U.S. stocks fell slightly on Wednesday — before rallying — as investors analyzed a second day of congressional testimony from Federal Reserve Chairman Jerome Powell and considered another signal of a boiling labor market.
The S&P 500 closed 0.14% higher, while the Dow Jones Industrial Average slipped 0.18%. The Nasdaq Composite rose 0.4%
Stocks fell on Tuesday when Powell said the Fed was ready to accelerate the pace of interest rate hikes if inflation and the labor market did not cool. The S&P 500 lost 1.5% and markets moved higher amid a higher likelihood of a bigger rate hike at the next central bank meeting.
“There’s this growing concern about a ‘no landing’ scenario, in fact where it turns out the Fed and other central banks just haven’t done enough” to temper economic growth and rein in inflation. said John Roe, head of multi-asset funds at Legal and General Investment Management.
In his second session of congressional testimony, Powell said on Wednesday that the central bank was keeping its options open on future rate increases and that upcoming economic data would heavily influence the rate decision at the board meeting. March 21 and 22 Fed.
The global economy has shown signs of resilience in recent weeks.
The US private sector added 242,000 jobs in February, according to the ADP jobs report. That came in above economists’ forecasts, another sign of a surprisingly strong labor market. A second reading, the JOLTS job openings report, was also higher than expected despite high layoffs in the tech sector.
The most important short-term indicator to gauge the health of the jobs market will be Friday’s Nonfarm Payrolls report.
“We are in an environment where every data point can lead to volatility,” said Karim Chedid, investment strategist at BlackRock.
In bond markets, yields on shorter dated Treasuries were poised to hit new multi-year highs as investors braced for a Fed rate hike. The two-year yield rose slightly to 5.057% after settling at 5.011% on Tuesday, its highest closing level since June 2007. Bond yields rise as prices fall.
The yield on the benchmark 10-year Treasury reversed earlier declines and recently stood at 3.979%, down from 3.974% on Tuesday.
Movements in the bond market over the past few weeks have meant that the inversion of the yield curve – in which short-dated bonds yield more than long-dated bonds – has steepened. Such reversals are often seen as an indicator of a possible recession.
On Tuesday, two-year yields topped 10-year yields by more than a percentage point for the first time since 1981. The move also signaled investors believed interest rates would rise more than expected over the course of of the next few months.
“I think we’ll probably see half a point rate hikes and the market is already primed for that,” said Christian Hoffmann, portfolio manager at Thornburg Investment Management, which manages $42 billion in client assets. .
Some investors turn to cash and short-term treasury bills to seek income. Brian Vendig, president of MJP Wealth Advisors, which manages about $1 billion in assets, said he added blue-chip money market funds, short-term treasury bills and certificates of deposit for clients.
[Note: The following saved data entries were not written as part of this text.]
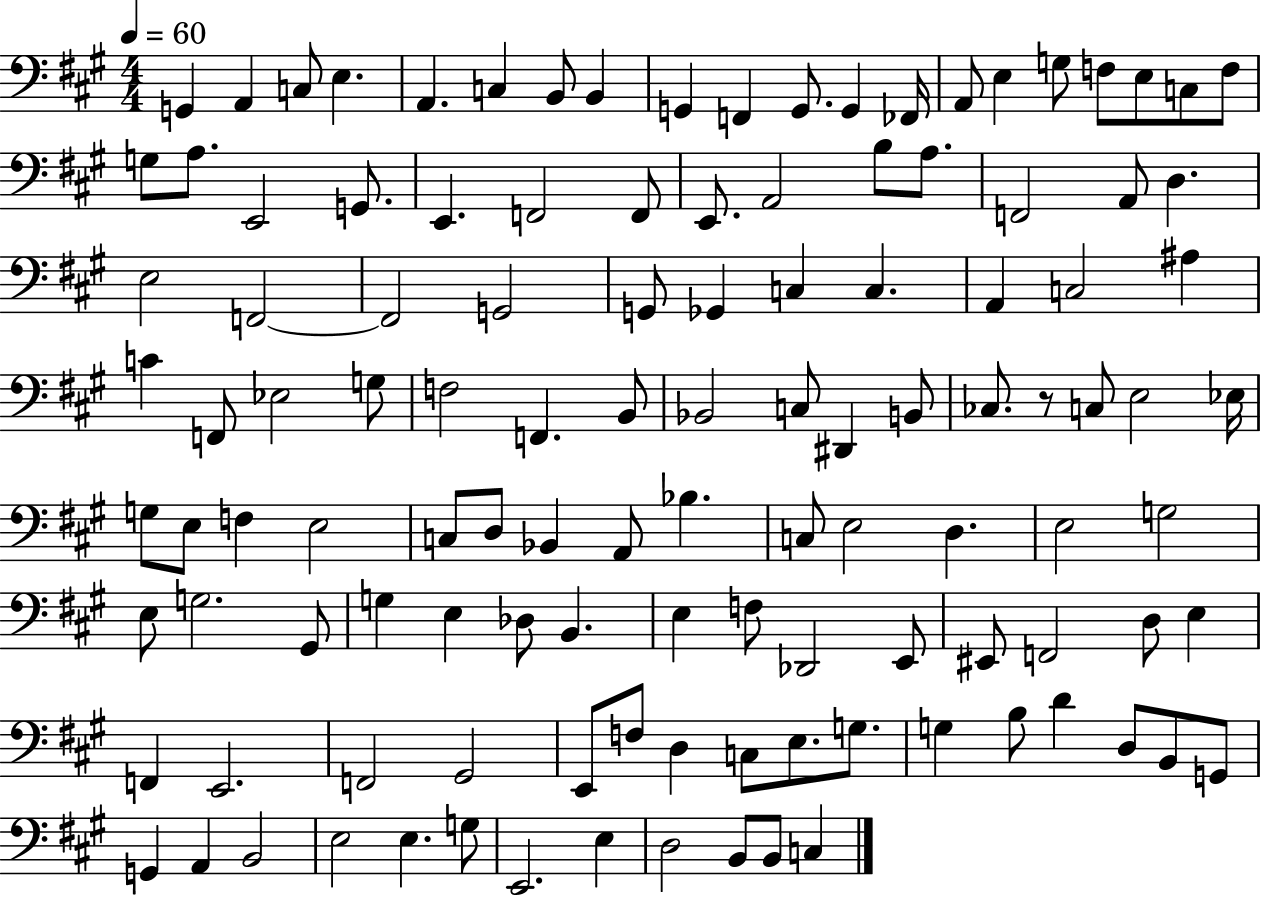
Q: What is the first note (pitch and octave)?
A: G2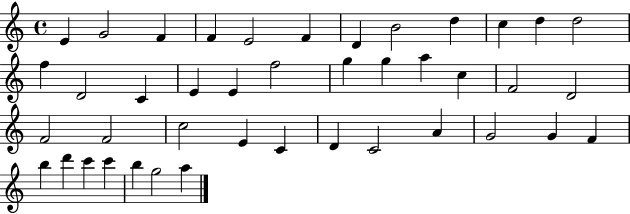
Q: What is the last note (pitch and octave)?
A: A5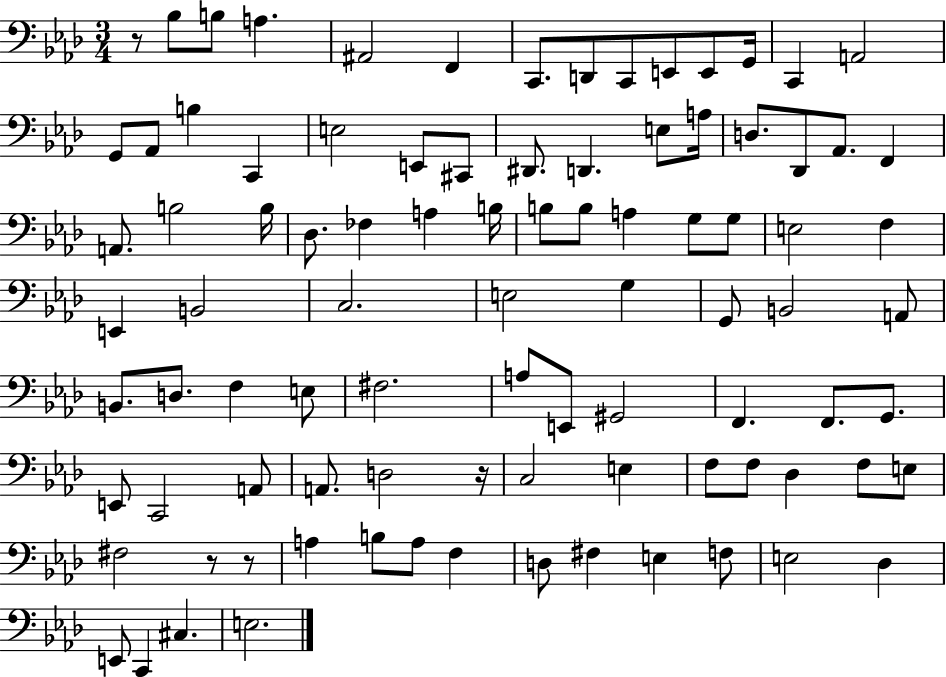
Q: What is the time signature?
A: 3/4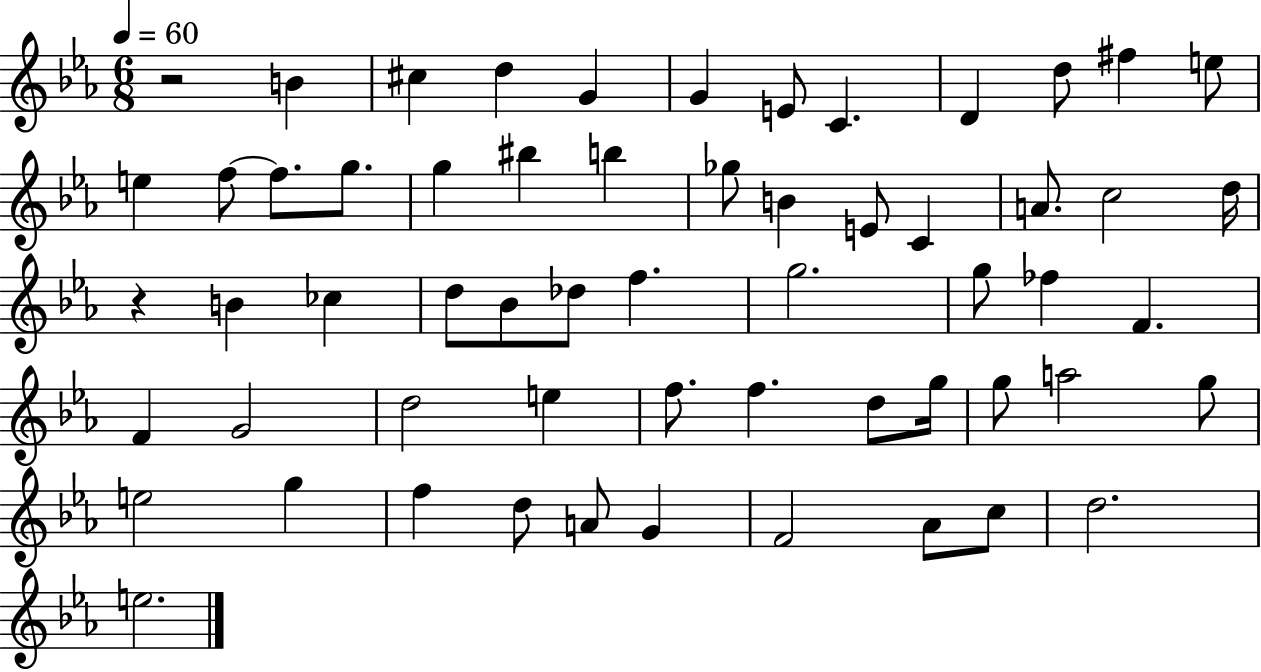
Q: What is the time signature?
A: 6/8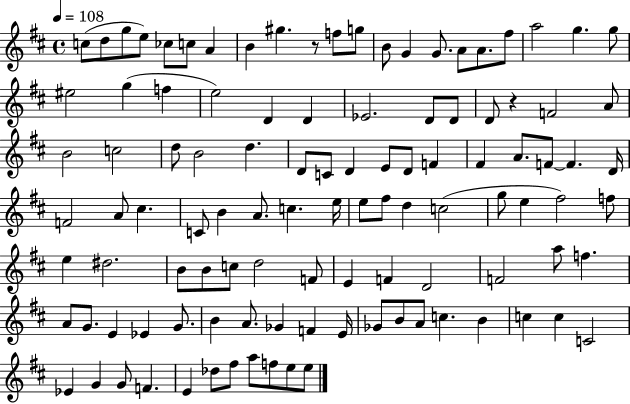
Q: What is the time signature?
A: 4/4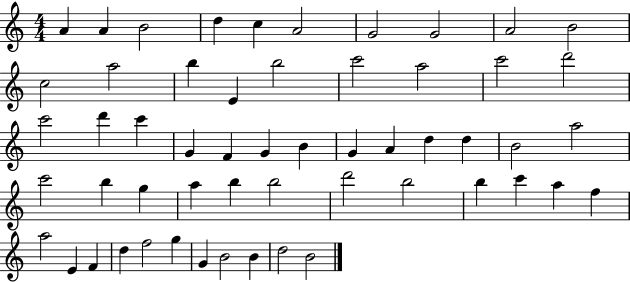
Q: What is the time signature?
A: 4/4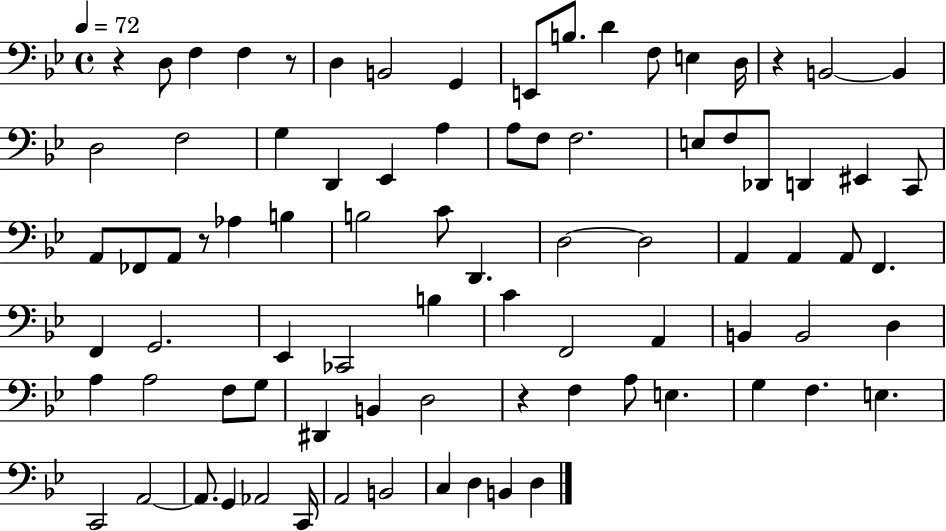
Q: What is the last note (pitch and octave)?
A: D3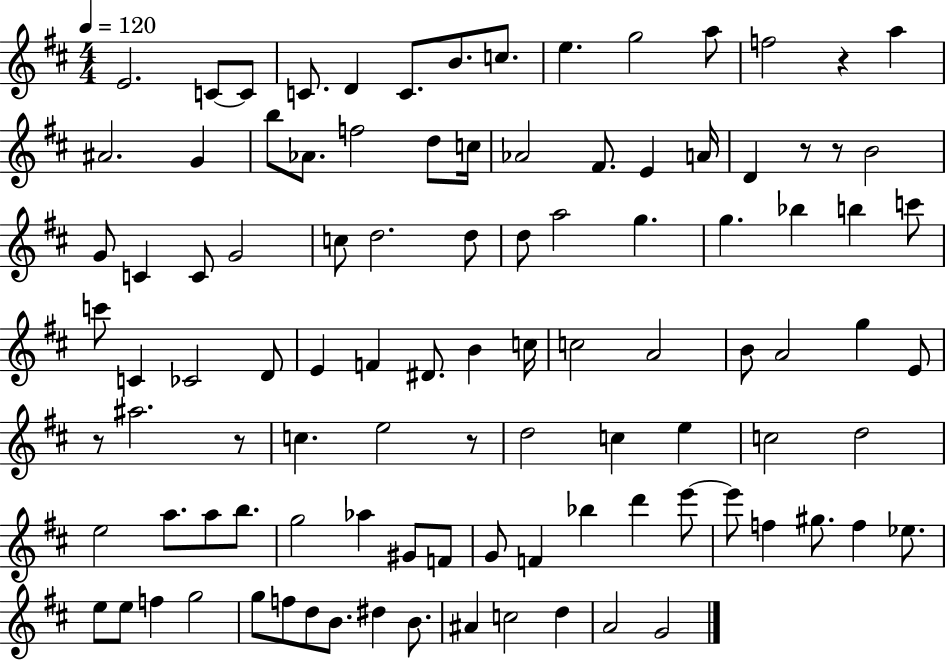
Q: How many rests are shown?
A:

“If you can hide in cash and earn competitive returns because you’re looking for principal protection or know there’s an expected expense in the next 12 months, it makes sense to do so in this environment,” he said. declared Mr. Vendig.
Among individual stocks, CrowdStrike rose 3.2% after the cybersecurity company announced a revenue outlook well above analysts’ forecasts. Online clothing and styling company Stitch Fix fell 0.4% after saying its losses more than doubled in the last quarter. Campbell Soup gained 1.9% after the soup and snack maker reported a 12% increase in sales.
Overseas, the Stoxx Europe 600 edged up less than 0.1%. Adidas rose 2.1% after the sportswear company cut its dividend on lower sales in China and a $6 billion mountain of unsold goods. Shares in Continental,
the German auto parts supplier rose 7.6% after saying it expected higher sales and profits this year.
In Asia, the Shanghai Composite Index ended the day with little change and the Hong Kong Hang Seng Index fell 2.4%. Japan’s Nikkei 225 rose 0.5%.